Maybe under that is not the best place to hide the alcohol then  You could always go "old-school" and pour it into a water/coke/etc bottle... just like hiding it from the teachers on school sports days


----------



## Bigjimbo (Oct 28, 2010)

yeah thought about that with Sangria, but its a bit gay and shows intent if someone at the border stops me!


----------



## Nightshadow (Sep 21, 2010)

Rochelle said:


> Maybe under that is not the best place to hide the alcohol then  You could always go "old-school" and pour it into a water/coke/etc bottle... just like hiding it from the teachers on school sports days


Ah...the good old days... yep, last week sure was fun!  

Just dont fill a 2 liter bottle with vodka or what have you, that would be pushing it and when you get caught, they think youre absolutely insane, or so my friend told me... I wouldnt know first hand.


----------



## titirangi (Aug 14, 2008)

Bigjimbo said:


> Hi all. Just wondering if A) Is it illegal to take booze into Oman? (I'm guessing it is), B What happens if you get caught if it is illegal, and C) are there off licenses like Barracuda in Oman?
> 
> Thanks in advance!


Like most things related to booze, there is always a law restricting it and you might be surprised to find a similar set of laws back home. For example carrying an open alcohol container in a vehicle is against the law in many commonwealth countries. The difference here is enforcement levels are much higher and leniency is minimal.

In practice however, most folk I know just get on with living their lives whilst respecting the culture and traditions in the respective country. This means being discrete with what you carry and how you consume. A 15 year expat told us "stay under the radar and you'll be fine" and this seems to be a reasonable way to get by here in the middle ease.

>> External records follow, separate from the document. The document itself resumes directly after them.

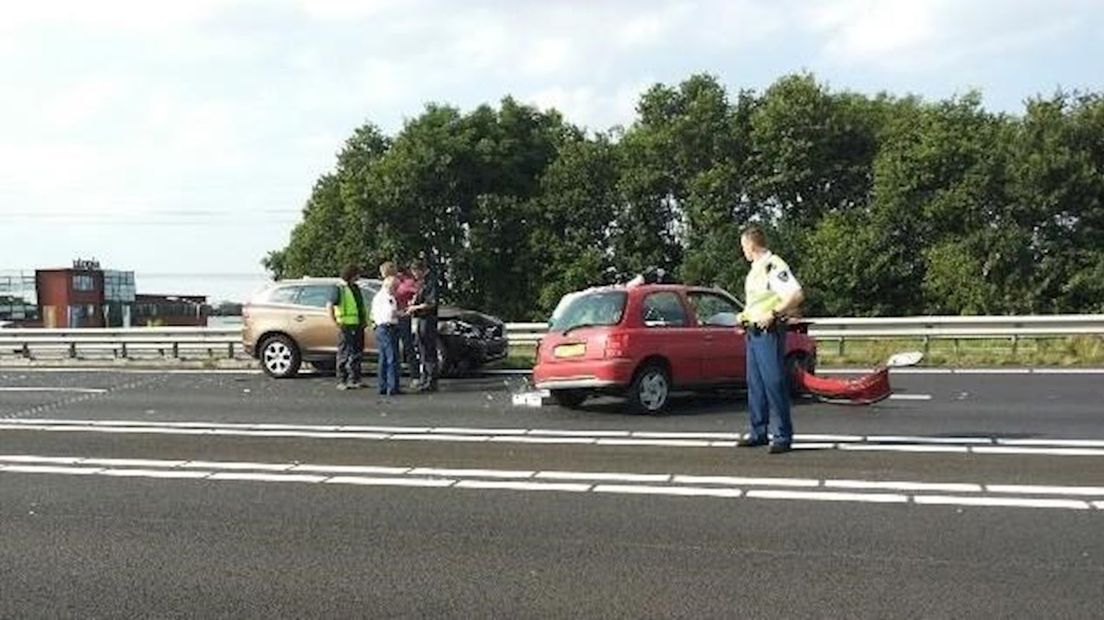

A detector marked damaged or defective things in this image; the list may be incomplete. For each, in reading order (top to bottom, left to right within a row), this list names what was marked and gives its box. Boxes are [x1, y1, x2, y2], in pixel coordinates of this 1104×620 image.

red damaged car [532, 284, 816, 414] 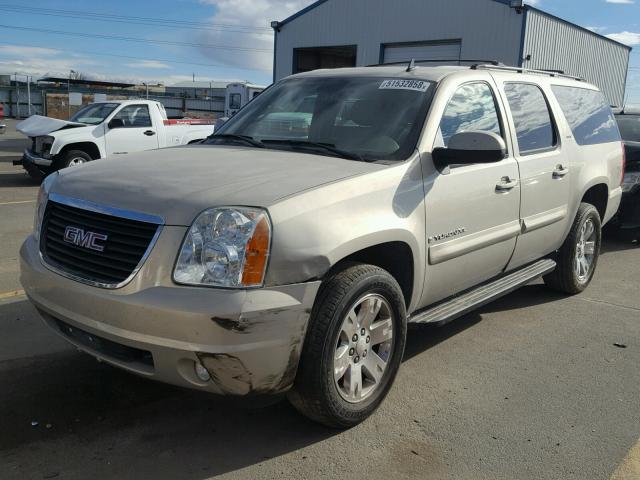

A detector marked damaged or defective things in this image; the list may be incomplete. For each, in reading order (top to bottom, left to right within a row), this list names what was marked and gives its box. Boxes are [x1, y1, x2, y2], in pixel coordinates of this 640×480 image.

damaged front bumper [20, 236, 320, 398] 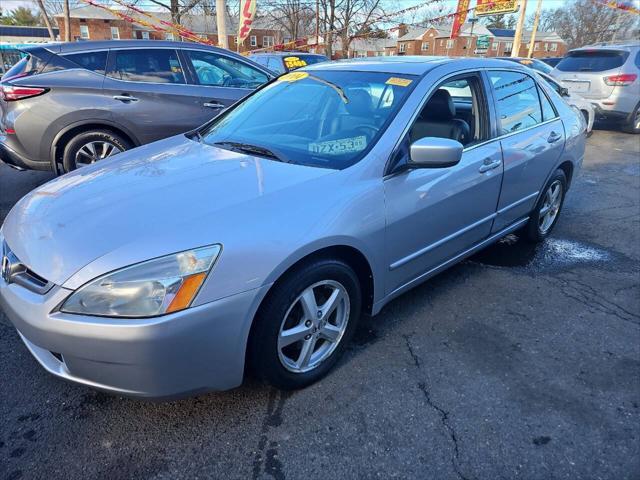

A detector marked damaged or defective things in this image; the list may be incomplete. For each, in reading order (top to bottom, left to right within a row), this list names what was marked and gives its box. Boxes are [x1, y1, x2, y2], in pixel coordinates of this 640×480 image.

crack in asphalt [251, 390, 292, 480]
crack in asphalt [402, 336, 472, 480] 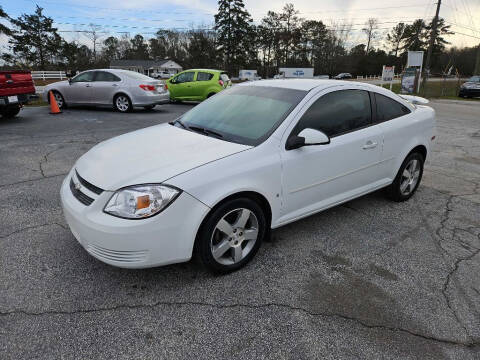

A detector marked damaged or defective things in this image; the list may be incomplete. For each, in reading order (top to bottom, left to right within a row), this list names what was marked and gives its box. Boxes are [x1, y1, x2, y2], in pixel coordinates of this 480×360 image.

crack in asphalt [1, 300, 478, 348] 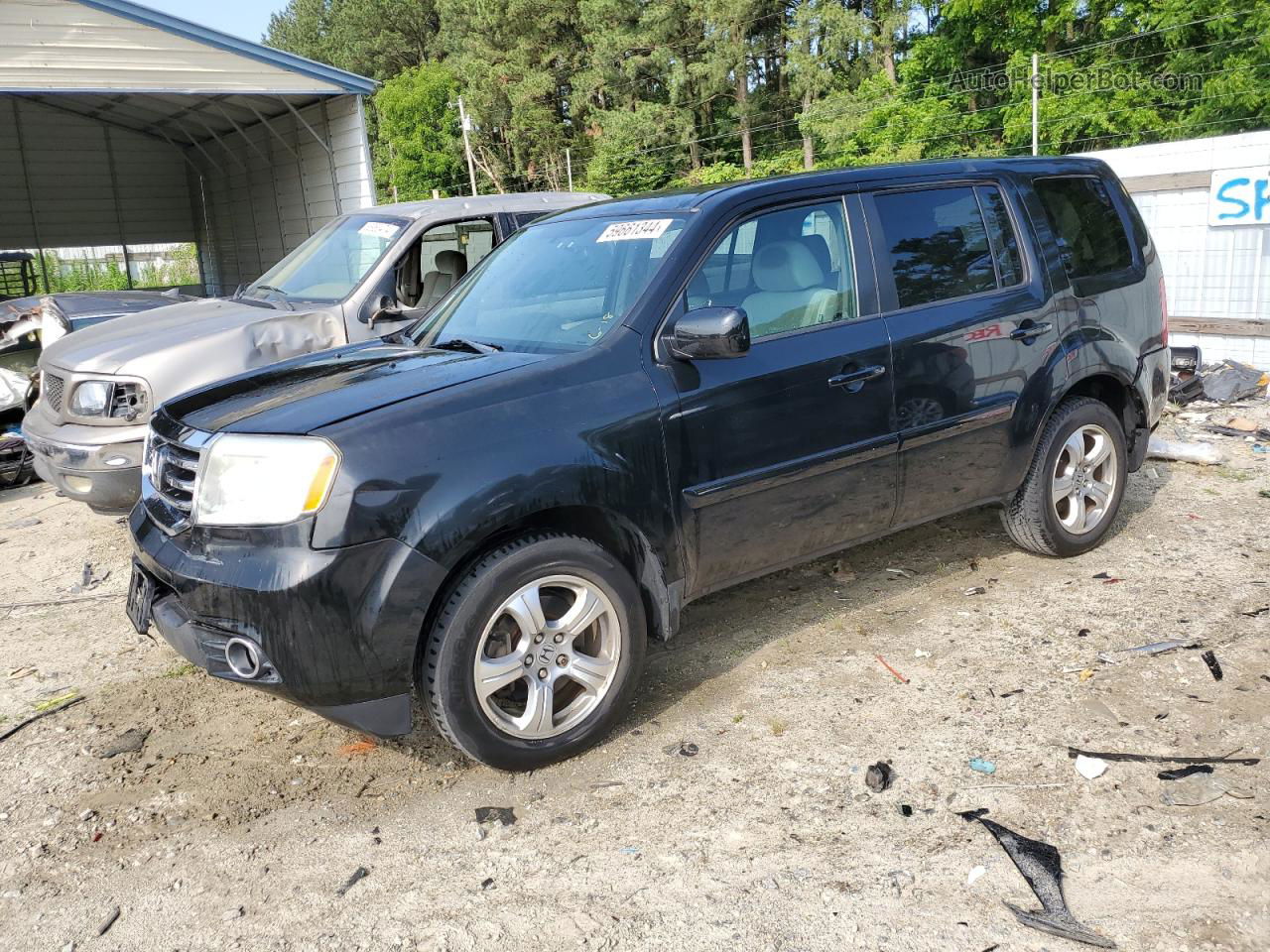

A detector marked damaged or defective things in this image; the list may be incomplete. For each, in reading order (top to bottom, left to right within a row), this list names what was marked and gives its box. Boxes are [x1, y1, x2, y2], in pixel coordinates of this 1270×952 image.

damaged front bumper [131, 508, 449, 736]
damaged silver suv [20, 188, 604, 510]
dark damaged car [128, 160, 1168, 772] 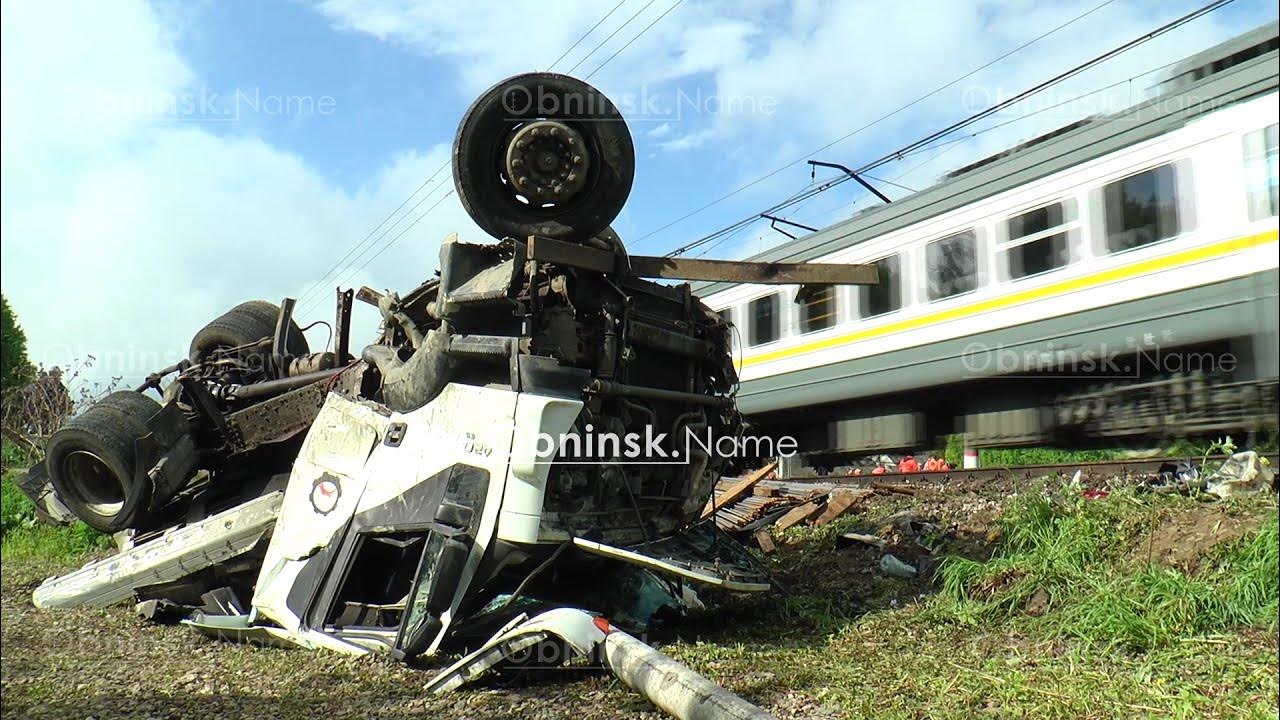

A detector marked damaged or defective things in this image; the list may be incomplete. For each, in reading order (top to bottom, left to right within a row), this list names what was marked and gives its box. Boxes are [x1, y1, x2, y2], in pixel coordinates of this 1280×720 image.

damaged tire [452, 72, 632, 245]
exposed wheel [450, 73, 636, 243]
exposed wheel [189, 300, 308, 362]
damaged tire [190, 300, 310, 362]
overturned truck [20, 71, 876, 680]
damaged tire [44, 390, 161, 532]
exposed wheel [46, 390, 162, 532] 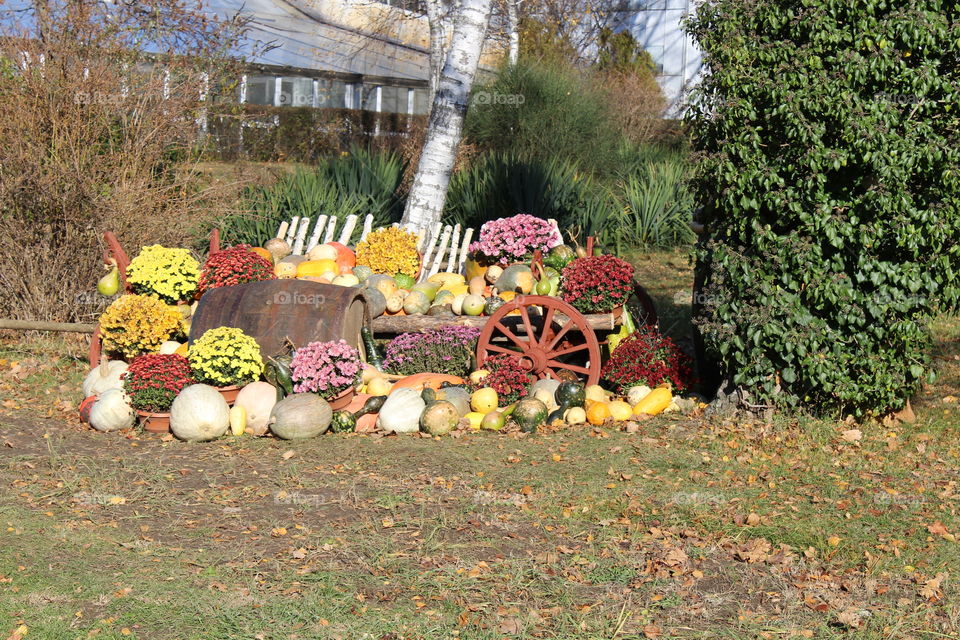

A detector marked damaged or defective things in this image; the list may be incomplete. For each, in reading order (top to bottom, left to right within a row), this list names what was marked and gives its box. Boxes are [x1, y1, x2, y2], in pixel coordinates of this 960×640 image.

rusty metal barrel [189, 282, 370, 360] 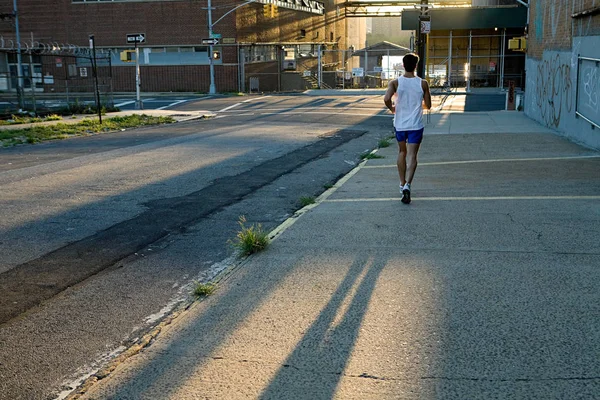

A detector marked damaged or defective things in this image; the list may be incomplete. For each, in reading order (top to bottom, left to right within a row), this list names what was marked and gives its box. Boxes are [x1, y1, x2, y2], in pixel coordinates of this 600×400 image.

crack in pavement [0, 130, 366, 326]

If you are short of temper or inclined to make a big song and dance when confronted by the law then best not to carry at all.

So for our family (and other families we travel with) we take no more than enough for the week and are careful to keep it out of sight. It pays to keep an ear to ground wrt enforcement campaigns e.g. like what is going on now with the offie surveillance.

Regards,
David


----------